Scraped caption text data
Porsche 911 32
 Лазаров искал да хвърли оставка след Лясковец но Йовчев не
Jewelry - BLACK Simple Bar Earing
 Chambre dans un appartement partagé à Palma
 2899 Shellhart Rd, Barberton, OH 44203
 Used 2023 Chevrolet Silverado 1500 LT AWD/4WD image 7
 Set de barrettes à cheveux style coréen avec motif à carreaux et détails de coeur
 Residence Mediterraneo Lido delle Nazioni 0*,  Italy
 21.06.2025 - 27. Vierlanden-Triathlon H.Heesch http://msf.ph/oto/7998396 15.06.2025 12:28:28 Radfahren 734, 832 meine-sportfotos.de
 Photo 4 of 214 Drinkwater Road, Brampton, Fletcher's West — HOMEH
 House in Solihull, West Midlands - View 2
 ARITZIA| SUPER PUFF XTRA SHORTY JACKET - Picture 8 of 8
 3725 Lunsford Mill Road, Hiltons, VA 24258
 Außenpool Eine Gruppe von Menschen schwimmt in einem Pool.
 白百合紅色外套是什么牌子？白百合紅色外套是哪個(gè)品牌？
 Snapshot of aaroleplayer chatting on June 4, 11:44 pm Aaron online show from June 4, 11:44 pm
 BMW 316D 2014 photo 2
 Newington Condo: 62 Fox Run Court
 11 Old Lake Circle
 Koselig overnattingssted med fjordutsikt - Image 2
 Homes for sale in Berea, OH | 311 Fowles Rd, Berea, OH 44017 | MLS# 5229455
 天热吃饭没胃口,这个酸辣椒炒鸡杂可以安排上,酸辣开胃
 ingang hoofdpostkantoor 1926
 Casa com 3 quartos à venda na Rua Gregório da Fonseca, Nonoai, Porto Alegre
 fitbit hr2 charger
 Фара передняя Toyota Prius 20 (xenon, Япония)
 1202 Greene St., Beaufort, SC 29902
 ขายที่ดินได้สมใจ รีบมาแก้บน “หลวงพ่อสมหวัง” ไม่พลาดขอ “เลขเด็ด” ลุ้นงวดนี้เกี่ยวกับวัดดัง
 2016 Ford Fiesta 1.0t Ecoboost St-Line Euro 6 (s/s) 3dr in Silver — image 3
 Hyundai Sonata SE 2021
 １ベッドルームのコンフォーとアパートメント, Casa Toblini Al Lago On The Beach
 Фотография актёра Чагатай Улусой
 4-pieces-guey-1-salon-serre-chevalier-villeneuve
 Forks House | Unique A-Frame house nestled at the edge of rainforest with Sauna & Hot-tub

= Brief =
Look over the records above and copy each line that includes the string "Casa".

= The answer =
 Casa com 3 quartos à venda na Rua Gregório da Fonseca, Nonoai, Porto Alegre
 １ベッドルームのコンフォーとアパートメント, Casa Toblini Al Lago On The Beach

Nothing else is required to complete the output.